◆ THE PROBLEM ◆
Would you please transcribe, exactly as written, the lines of the entries below starting at the one that holds "Collana fatta a" and ending at the one that holds "VW JETTA 5C6", both included?

◆ INPUT MATERIAL ◆
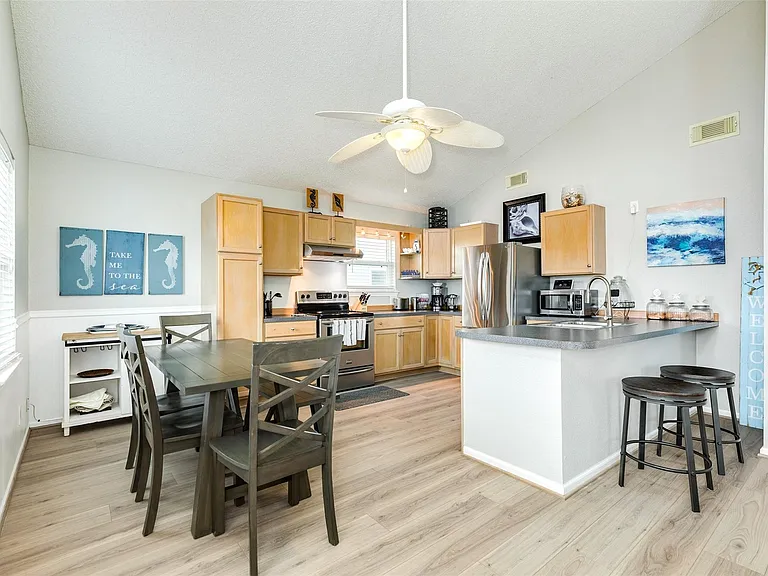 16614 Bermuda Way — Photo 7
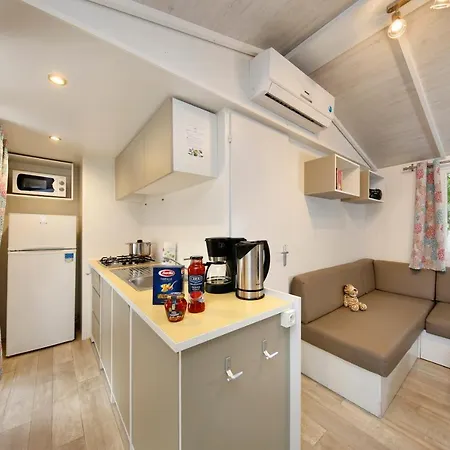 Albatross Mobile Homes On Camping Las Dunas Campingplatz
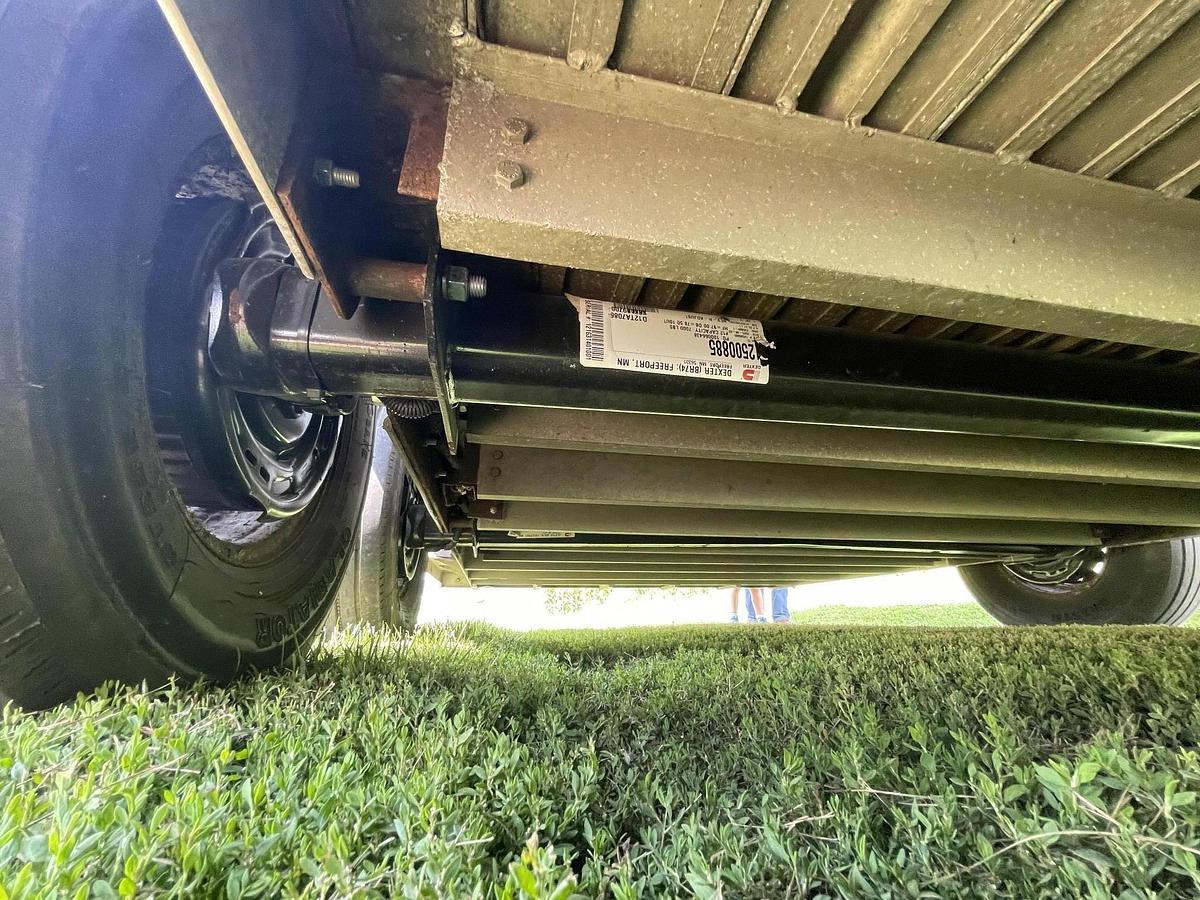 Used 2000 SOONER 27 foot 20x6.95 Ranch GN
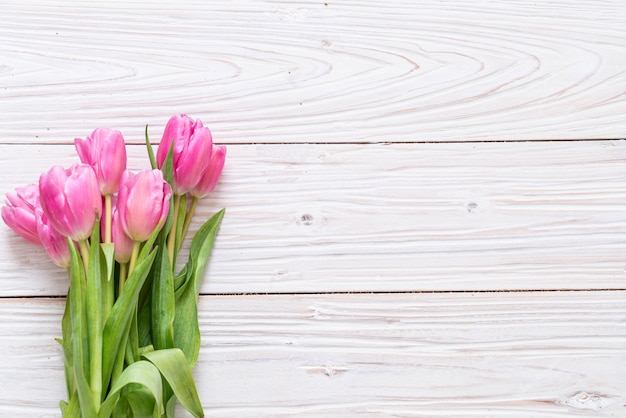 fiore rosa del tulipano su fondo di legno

---

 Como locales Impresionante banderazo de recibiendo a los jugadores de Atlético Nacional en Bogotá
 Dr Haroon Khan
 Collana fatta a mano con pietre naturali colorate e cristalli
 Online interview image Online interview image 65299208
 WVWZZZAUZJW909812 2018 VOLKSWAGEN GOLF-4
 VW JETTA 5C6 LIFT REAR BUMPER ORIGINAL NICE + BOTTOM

◆ ANSWER TO THE EXERCISE ◆
 Collana fatta a mano con pietre naturali colorate e cristalli
 Online interview image Online interview image 65299208
 WVWZZZAUZJW909812 2018 VOLKSWAGEN GOLF-4
 VW JETTA 5C6 LIFT REAR BUMPER ORIGINAL NICE + BOTTOM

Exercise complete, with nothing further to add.